However, thanks to MeDi, we are able to communicate with people outside academia with social media, and young students, both men and women, have started to attend MeDi’s symposiums. Previously, attendants had only been gray-haired women, including myself. I feel there has been a generational transition in our audience who show interest in themes such as gender equity and feminism.
There has been much coverage by internet media outlets, too, and I am glad that we can read the news immediately after the event with photographs on the internet.
Kojima: Attendees have included LGBTQ and other people who are sex or gender minorities and members of the media.
Looking at feminism, as discussions began on the internet and in other places, a movement began to surface of people who believed that only people recognized by these minorities are able to discuss feminism or that people who adapted to male-dominated organizations were not qualified to discuss feminism. It is easy for situations such as this “membership system,” in which a person is unable to call themselves a feminist unless it is approved by another person, to occur.

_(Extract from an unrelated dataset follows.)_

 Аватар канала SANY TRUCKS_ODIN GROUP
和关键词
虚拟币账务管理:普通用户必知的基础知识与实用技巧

No one benefits from these situations. Even if a person has only elementary knowledge, when they feel that something is wrong with an existing framework and wish to achieve gender equality, a small feminist is born inside them. Everyone can discuss feminism in the first person.
If the gates are not thrown open, it may not be possible for many people in many parts of society, including men, to achieve gender equality.

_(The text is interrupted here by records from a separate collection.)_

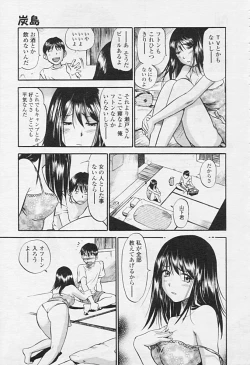Page 63 of Comic Tenma 2005-09
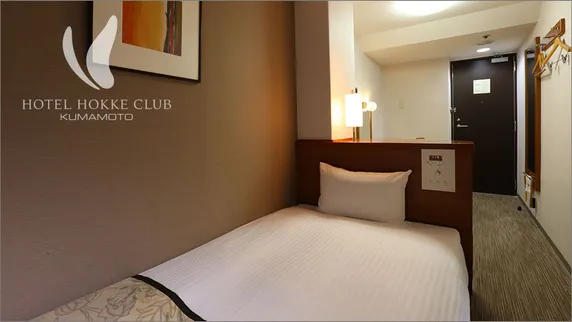 Ảnh Hotel Hokke Club Kumamoto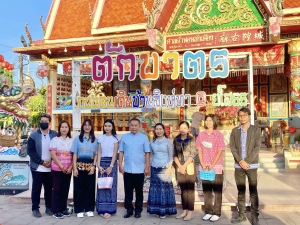 เทศบาลเมืองยโสธร ร่วมกิจกรรมตักบาตรย้อนยุค วิถีถิ่น วิถีไทย ถนนคนเดิน เมืองเก่าบ้านสิงห์ท่า ทุกวันพฤหัสบดี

Hayashi: It appears that men feel they would be “scolded” by feminist professors (laugh) if they were invited to one of the events we organize. I once was told by an invited panelist, “I shall sit in the defendant’s seat” (laugh). I was hurt by comments like this every time.

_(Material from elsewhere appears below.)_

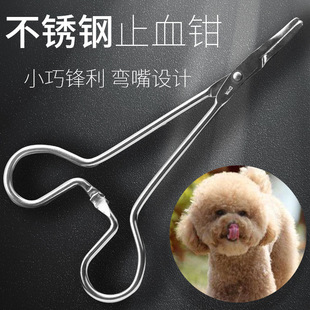 狗狗拔耳毛钳宠物镊子狗耳朵拔毛泰迪猫咪钳子去毛用品宠物美容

There have been times when feminism was centered around the advocacy of women’s rights, but the original goal should have been the concept of opening society to everyone regardless of gender or ethnicity.
Kojima: When a woman expresses a dissenting view or voices an opinion, a man feels that he is being scolded or that she is hysterical, and there is no half-way in between. The fear men have of independent-minded women is probably associated with the image of the defendant’s dock.
Tajima Yoko (formerly a Hosei University professor) discussed feminism on television in the 1990s. At that time she was treated as a pathetic character on television. Ueno Chizuko, a professor emeritus at the University of Tokyo, was also falsely seen as an intimidating scholar. The media generated a nonconformist image of women of principle and it has been reinforcing this image.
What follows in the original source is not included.